She tilted her head at me, and raised one eyebrow as if she was amused.  As if I was saying this to be funny, when really  I felt so anxious it was like I was holding a stone on the back of my tongue.  

"It's different for everybody, I suppose," she said.  "Some writers feel plagued by doubt.  Others don't."

Now it was my turn to feel quizzical.  I looked at my hands.  I had put on all my silver rings that morning, the way I do when I want to feel exotic.  The more rings on my fingers the more I felt like a gypsy princess.  I saw her glance down at them too.  In an instant, I was like a little girl playing dress ups.  

"You need to make a commitment to writing," she said.  "You need to commit to the idea of yourself as a writer."

"I am.  I do."

"When people ask you what you do for a living, what do you say?"

"I say that I work in a bookshop.  It's true.  I don't make a living from writing.  But if they asked me what I do, I would say that I am a writer."

"Do you though?"  Her tone was soft but accusing. I folded my arms across my chest.  

"Yes.  I do.  I've been very careful to own up to the fact that I am a writer."

"Well what's the problem then?  I don't understand.  You say you're a writer, writers write."

I wanted to cry, or scream, or lash out.  "I don't know."

She shrugged, and her attention was on her own notes again.  There was nothing more she could do for me, no more insight that she could provide.  I was intruding on her work time now.     






I don't talk to my inner critic much any more, but sometimes, like this moment, she seeks me out.  She introduces the niggling doubt into my mind that I can't do it.  She collects quotes.   When she hears "every word written on your blog is another word not written on your novel", she looks at me smugly and says "See?"  She has a very short memory for achievements.  She forgets the time I wrote 40 000 words in ten days, and only remembers that since January 1st, I've barely written a word.  Yet she can remember back through time to all the stories I've started and abandoned.  And when I think I have writer's block, she's merciless.

I find thinking of her as an external person useful.  I wouldn't let a real person be so cruel to me and just accept it, so why should I tolerate bullying from myself?  (It's the same for non writing related things.)

Also, I secretly suspect that like the version of her in the story above, she's a bit of a bullsh*t artist.  I'm sure there are writers out there who don't get writer's block, and good on them.  But a lot of writers do, or they experience doubt, or a piece of feedback really hurts them and they falter a little.  My critic gets defensive because I expect a lot from myself.  And the second I step outside the negative headspace and realise that, actually, I've already achieved lots, she shuts up.
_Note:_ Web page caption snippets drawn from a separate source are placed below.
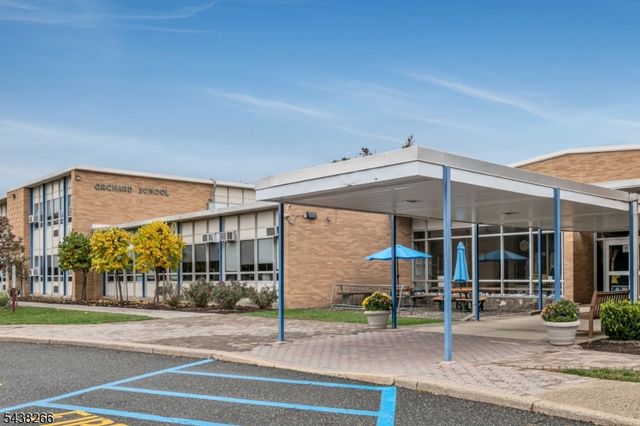 144 Spencer Pl, Ridgewood Village, NJ 07450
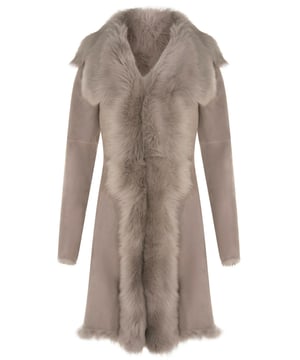 Diese schmal geschnittene Jacke ist ein Beweis für den luxuriösen Reiz von Schaffell und wird von unseren erfahrenen Handwerkern in unserer Londoner Fabrik hergestellt. Dieser Mantel ist in 8 unserer schönsten Farbvarianten erhältlich und zeichnet sich durch die großzügige Freilegung von Schaffell auf der Vorderseite für einen extravaganten und edlen Look aus. Diese Jacke hat ein taschenloses Finish und die Nähte an den Jackenkanten sind alle naturbelassen, um einen klassischen Look zu erzielen. Wir haben diese Jacke aus spanischer Toscana-Wolle gefertigt, die dafür bekannt ist, zu den weichsten und seidigsten Schaffellen zu gehören. Das Ergebnis ist eine Jacke, die in puncto Qualität unbestreitbar ist und in puncto Wärme und Komfort ihresgleichen sucht. Auf Anfrage können wir diese Jacke in jeder gewünschten Länge herstellen, um sicherzustellen, dass Sie dieses Stück in vollem Umfang genießen können. Bitte kontaktieren Sie uns per E-Mail. • Hergestellt aus hochwertigem, doppelseitigem Schaffell. • Dickes Schaffellfutter ist dafür bekannt, dass es Wärme und Komfort bietet. • Verfügt über einen luxuriösen Reverskragen, der mit Haken und Schlaufen befestigt wird. • Erhältlich in 8 verschiedenen Farben. • Sonderanfertigungen für verschiedene Jackenlängen sind auf Anfrage möglich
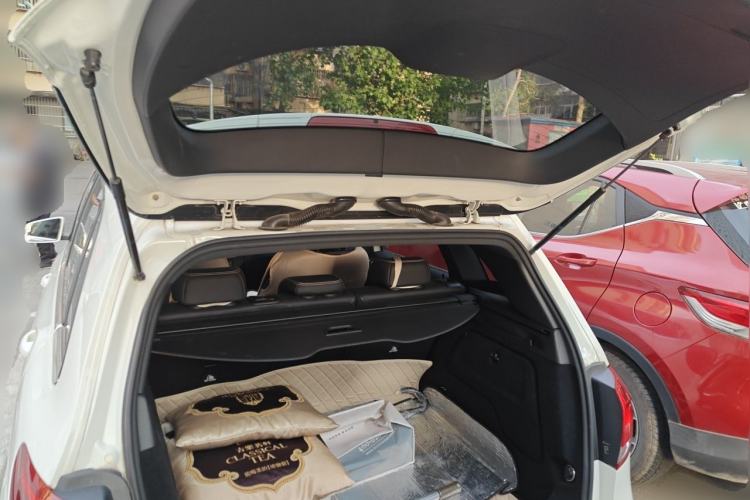 Used Mercedes-Benz B-Class 2015 B 200 Sport Edition Trunk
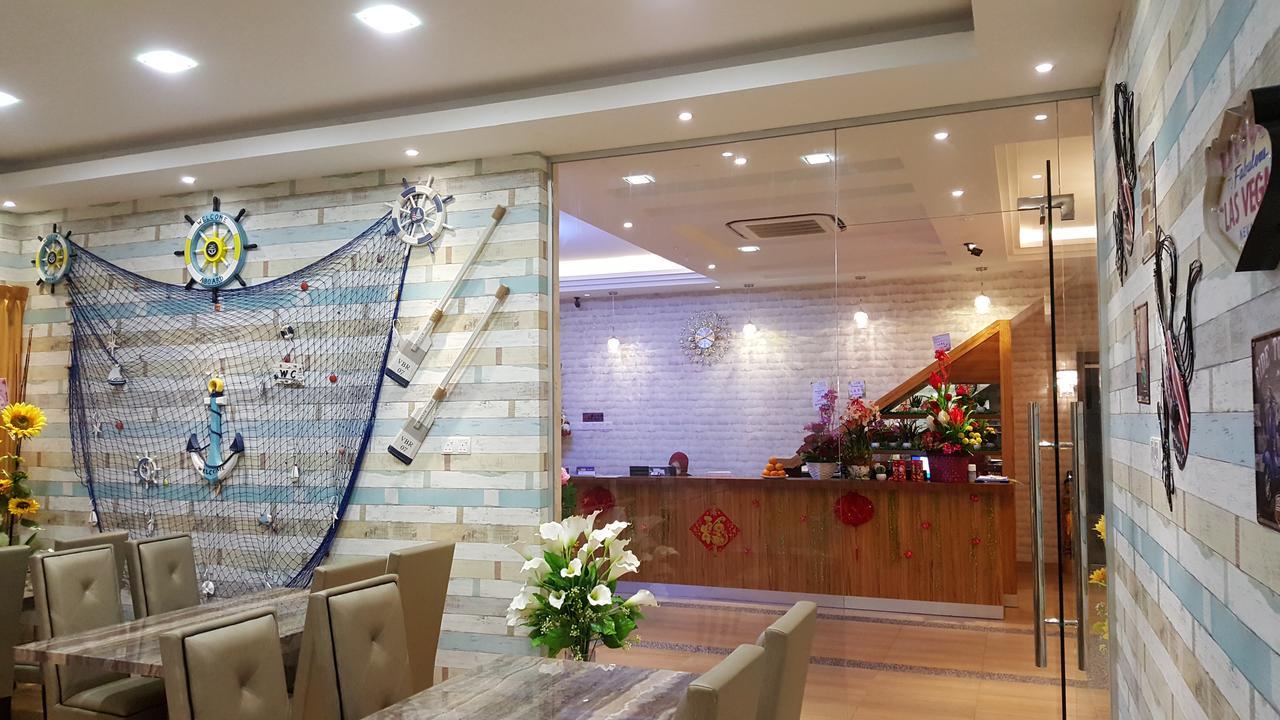 888 Boutique Hotel Batu Pahat Extérieur photo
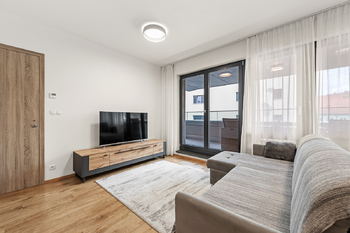 Pronájem bytu 3+1 v osobním vlastnictví 67 m², Praha 8 - Kobylisy
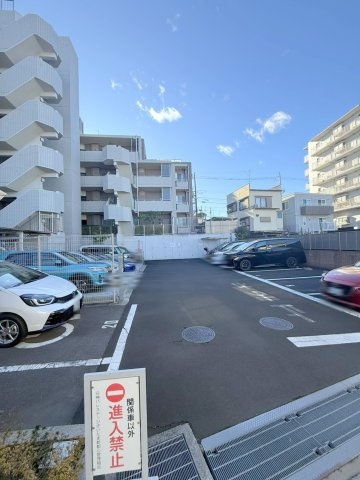 日神パレステージさいたま新都心の駐車場|共用部・駐車場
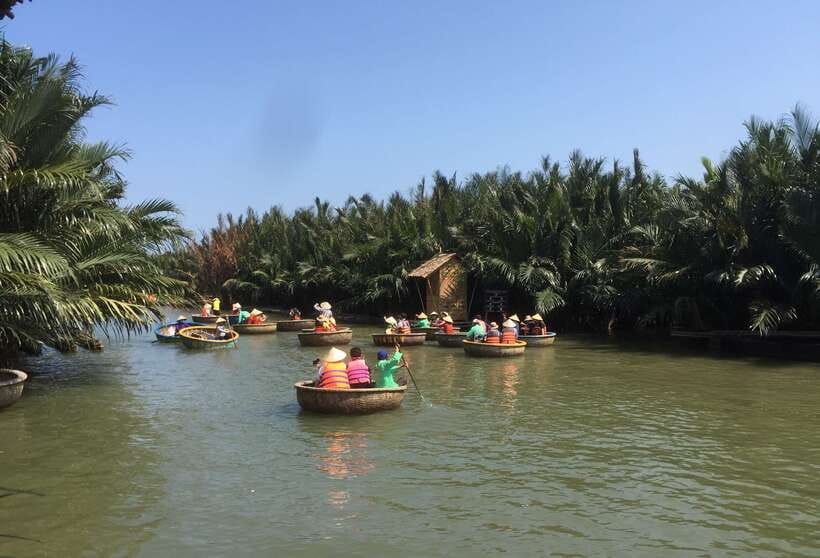 Hoian/Danang: Eco Cooking Class, Cruise Trip, Basket Boat - Making rice milk and rice paper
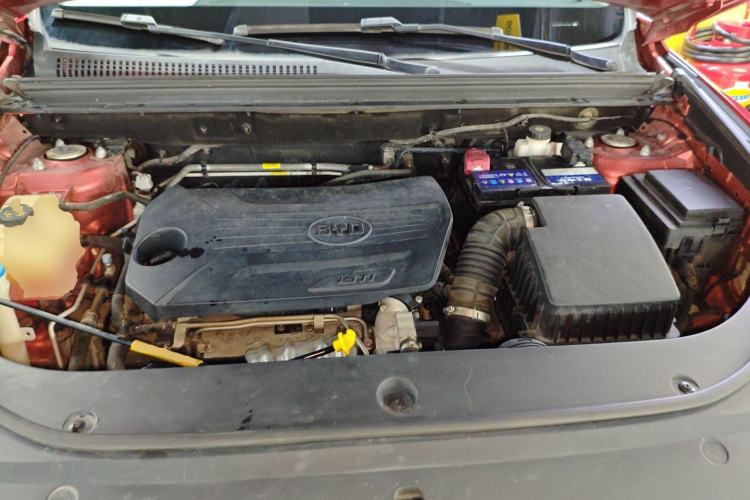 Used BYD Song Pro 2019 1.5T Automatic Elite Edition Engine Bay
A little bit of the critic can be good.  Too much can be crippling.  But learning to put a muzzle on it is an amazing feeling indeed.

As for me, I've enjoyed my little break from intensive fiction writing, but it's time to get back to it, so my critic and I are saddling up and riding out, wherever the path may take us.


Comments

  1. I love the conversation with your inner critic! I thought it was with a real person, and I must say, I thought she was a bit smug.

    A creative job isn't like most jobs—you can't create when the tank is empty, and the creative well is not bottomless. It empties from time to time and needs to refill. Think of it as a fallow period—you're giving your soil some fertiliser so it can grow fruit again. You'll get back to it when you're ready.

    And tell that inner critic to STFU.